Video reader artifacts
Pipe definition:
@pipeline_def
def video_pipe(filenames):
side_size = 224
crop_size = 224
sequence_length = 32
sampling_rate = 4
random_shuffle = False
device = 'gpu'
video, labels = fn.readers.video_resize(
device="gpu", filenames=filenames, labels=[], sequence_length=sequence_length, random_shuffle=random_shuffle,
skip_vfr_check=True, size=(side_size, side_size), mode='not_smaller', name='Reader',
dtype=types.FLOAT, normalized=True, stride=sampling_rate,
pad_sequences=True
)
video = fn.crop(video, crop=(crop_size, crop_size),
crop_pos_x=0.5, crop_pos_y=0.5, device=device)
return video, labels
I have a dataset of 5 tiktok videos. Whenever I iterate over this dataset I can notice different collisions and artifacts on frames. Moreover, sometimes frames one video appear in sequence of another video, for example frames from video with label 1 (house) appear in sequence with returned label 2 (video with a woman and clothes).

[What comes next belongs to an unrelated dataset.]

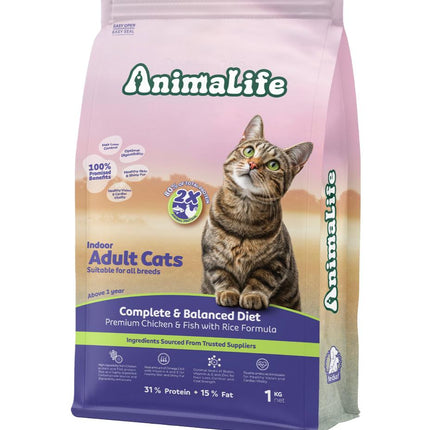 Animalife Cat Animalife Indoor Adult Cat Food Chicken And Fish 1 kg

I have noticed, that this collisions happen only around video with label 2 (kjbelll_6987115080580107525.mp4). However if I pass to the pipe only this video everything works as expected.
I attach example of collisions and a dataset.
I pass the videos to the pipe in this exact order:
[
'thepetcollective_6850180418818346246.mp4',
'bigvarn_6925039213402426629.mp4',
'kjbelll_6987115080580107525.mp4',
'josemiguelsal_6840197131358194950.mp4',
'tobyporterart_6838650165688028421.mp4'
]
What causes this behavior? Can you do something about it? Is there a way to filter out videos that break everything?
Hi @sapiosexual,
This is not expected. Can you provide a full repro script? Does it happen with the latest GPU driver? Can you provide the GPU model and driver version you have?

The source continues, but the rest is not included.